Pour ces indications biographiques, voir [Mounin, G., 1972], p. 139.

623.

[Mounin, G., 1972], p. 143.

624.

[Mounin, G., 1972], p. 105.

625.

Jakobson est « l’homme des curiosités pluridisciplinaires, des explorations pleines de risques, des constructions provisoires… », [Mounin, G., 1972], p. 141. Rappelons que, dans sa période américaine, sa théorie des six fonctions du langage lui était directement venue du formalisme de la théorie de la communication de Shannon : fonction de référence (centrée sur le référent), fonction expressive (centrée sur l’émetteur), fonction conative (centrée sur le récepteur), fonction phatique (centrée sur le canal), fonction métalinguistique (centrée sur le code), fonction poétique (centrée sur la forme du message). Voir [Jakobson, R., 1963], pp. 87-99 et [Mounin, G., 1972], pp. 147-148.

626.

[Mounin, G., 1972], p. 144.

627.

Selon Jakobson, le phonème (terme dû au linguiste polonais Baudouin de Courtenay) est une unité constituante des morphèmes (ou mots).

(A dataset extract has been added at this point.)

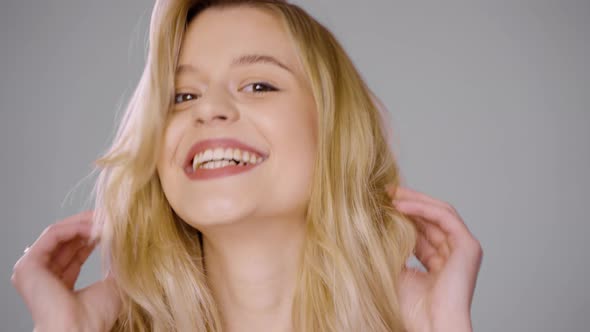 Pretty Blonde Female Having Fun and Making Face alt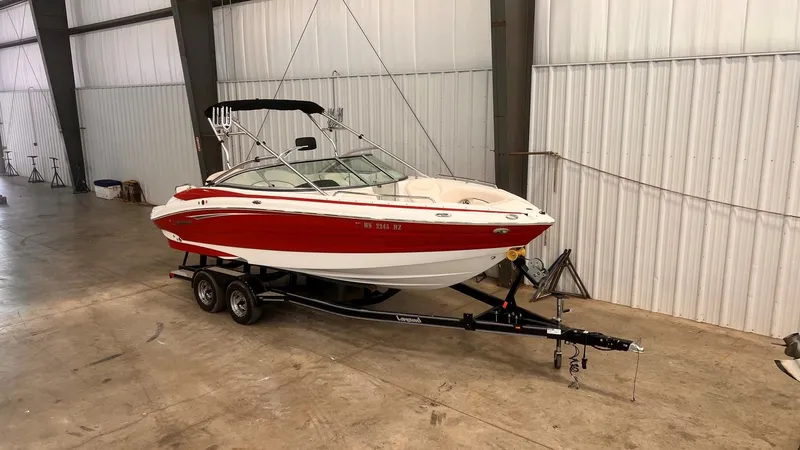 Slide: The Image of 2013 Cruisers Yachts 258 Sport Series boat in warehouse. - 8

Il est lui-même un composé de traits distinctifs phoniques appartenant à des oppositions fondamentales comme grave-aigu, tendu-lâche, voisé-non voisé... Ces traits distinctifs en tant qu’ils sont vocalisables concrètement par la voix incarnent le véritable système d’oppositions sur quoi la langue fonde son unité synchronique.

628.

[Jakobson, R. et Halle, M., 1956, 1963], p. 115.

629.

Ce sont les « traits configuratifs signalant la division de l’énoncé en unités grammaticales de différents degrés de complexité », les « traits expressifs mettant une emphase relative sur différentes parties de l’énoncé […] et suggérant les attitudes émotionnelles de l’énonciateur » et « les traits redondants aidant à l’identification d’un trait (ou d’une combinaison de traits) adjacent ou simultané, soit distinctif, soit configuratif », [Jakobson, R. et Halle, M., 1956, 1963], p. 109.

630.

Comme nous l’avons vu, suivant en cela Troubetskoï, ils veulent bien croire à une systématicité intégrale du type de celle que présente le tableau périodique des éléments mais pas à une déductibilité intégrale, désincarnée, et monolithique du type de celle que présentent les axiomatiques mathématiques. L’opposition entre le renvoi au modèle du tableau des éléments chimiques et le renvoi au modèle des axiomatiques est donc ici très significative. Une fois de plus, ici, comme naguère en biophysique, le renvoi à des modèles de formalisation produits ailleurs, en l’occurrence dans des sciences de la nature, sert à cristalliser et à exprimer une prise de position tant sur l’objet que sur les méthodes de la linguistique structurale. Le renvoi au tableau de Mendeleïev manifeste la volonté de conserver une place à la complexité et au caractère non totalement déductible du réel empirique à partir du possible axiomatisé, à partir de ce que Granger appellera le virtuel [Granger, G.-G., 1995], p. 231. La simulation par calculateur bénéficiera de cette idée d’une complexité irréductible à une algèbre. Selon nous, elle est de ce point de vue très nettement du côté du réel et non du virtuel au sens de Granger. La simulation dévirtualise les mathématiques. Elle désuniversalise la Mathesis Universalis.

631.

Voir les analyses de [Robins, R. H., 1967, 1976], p. 218 et [Mounin, G., 1972], pp. 115-116.

632.

Le linguiste et historien de la linguistique R.H. Robins rappelle que Alexander Melville Bell (1819-1905) (père d’Alexander Graham Bell (1847-1922), l’« inventeur » du téléphone) avait créé un système de « parole visible » [« visible speech »], « où chaque processus d’articulation séparé reçoit sa propre notation graphique », [Robins, R. H., 1967, 1976], p. 211.